Paul Chandrashekar Valthaty (born 7 December 1983) is a former Indian cricketer who played for Kings XI Punjab and Rajasthan Royals in the Indian Premier League and for India in the 2002 ICC Under 19 Cricket World Cup. He had to retire from the sport after he suffered an eye injury. He is known for his knock of 120 runs in 63 balls against Chennai Super Kings.

On 18 June 2023, Valthaty announced his retirement from first-class cricket.

==Early years and personal life==
Valthaty was born and raised in Borivali of Mumbai. His family originally hails from the town of Nandyal, Andhra Pradesh.
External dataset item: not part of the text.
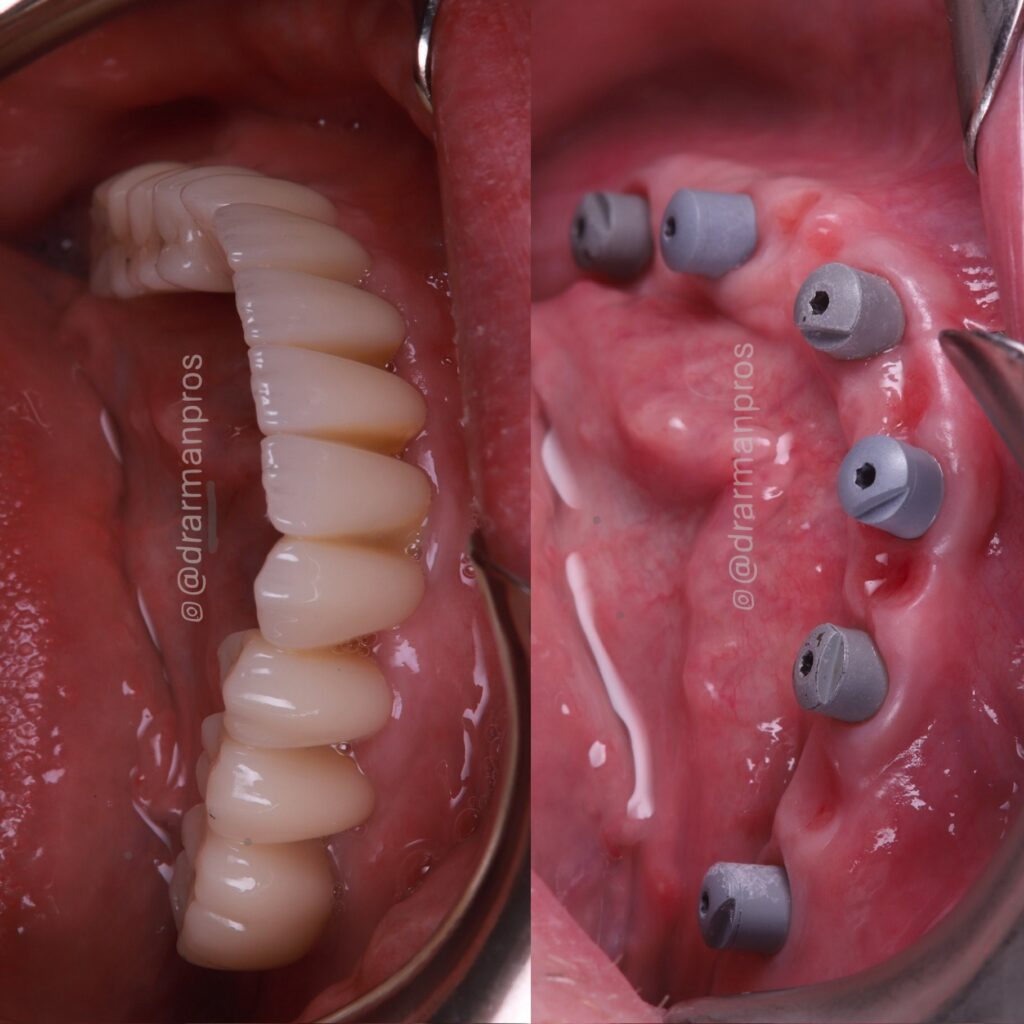 six dental implant abutments embedded in the gums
Valthaty was trained in the Dilip Vengsarkar academy in Mumbai. He was then recommended by Vengsarkar to the Andhra Cricket Association (ACA) president Mr. Chamundeswarnath.

==Career==

===Early domestic career===
Valthaty had a nondescript career until pre 2002, after making his way up the age groups of Mumbai Cricket during the late 1990s. He made India's Under-19 squad for the 2002 World Cup in New Zealand with the likes of Irfan Pathan and Parthiv Patel. It was here where an injury to his eye in the game against Bangladesh halted his development. He wouldn't break through into senior level cricket for almost seven years, and got just one opportunity for Mumbai, playing a single day for them in 2006. He wouldn't sign for a major team until 2009, when Rajasthan Royals signed him, and he played some matches for the side. His performances earned him a place in Mumbai's Twenty20 side, and he played some great matches for them, which led to him signing for Kings XI Punjab in 2011.
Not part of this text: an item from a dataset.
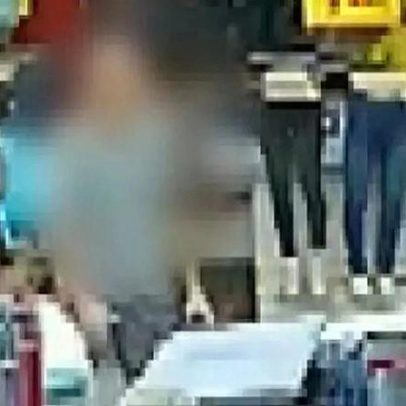 Homem baleado na cabeça em SP sobrevive; filha afirma que osso frontal salvou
===Indian Premier League===
Paul Valthaty was selected by Kings XI Punjab as a backup player for the more expensive international buys at a player auction in January 2011. He was the opening batsman for Kings XI Punjab, and would have an outstanding game in the 2011 Indian Premier League against reigning champions Chennai Super Kings. Valthaty helped the Kings XI Punjab chase down a 189-run target with six wickets and five balls to spare at Mohali. He scored 120 runs, being the first hundred of IPL 2011 season and 13th overall in the 21st century. It remains the 11th highest IPL score ever, after Chris Gayle's 175* & 128, Brendon McCullum's 158*, AB de Villiers's 133*,129*,Quinton de Kock's 140*, K. L. Rahul's 132*, Murali Vijay's 127, Rishabh Pant's 128* and Virender Sehwag's 122. It is also the highest individual score by a batsman in IPL history at the Inderjit Singh Bindra Stadium. In his next game he scored 75 from 47 deliveries, hitting 5 sixes and 8 fours after achieving the best bowling figures for any Kings XI Punjab bowler with 4 for 29. His great performance resulted in success for the Kings XI, and they won the match. He played in the next match, and scored 46 from only 31 deliveries with three classic sixes. With his initial blitzkrieg, the team crossed the fifty in just three overs, a record in IPL history which would later be broken by the Royal Challengers Bangalore in their second match against the Kochi Tuskers Kerala in the same season. He was retained by Kings Xi Punjab for the following two seasons, however, he didn't perform as well, and slowly faded away from the scene.

=== Coaching career ===
Now he is running a cricket academy named as Home Ground Cricket Academy in Thakur Village, Kandivali East, Mumbai. Valthaty was appointed as coach of the Seattle Thunderbolts in August 2024.

== Career with Air India ==
Following his departure from IPL stardom, he began to play for his then-employers Air India. He was given the job on a sports quota, and was only required to practice and play games after agreeing the terms with his employers.

=== Mumbai T20 League ===
In March 2018, Mumbai South Central acquired Paul Valthaty for ₹50,000, in the six-franchise Mumbai T20 League. He was placed under the Developmental Players bracket and therefore was only entitled to receive the minimum salary.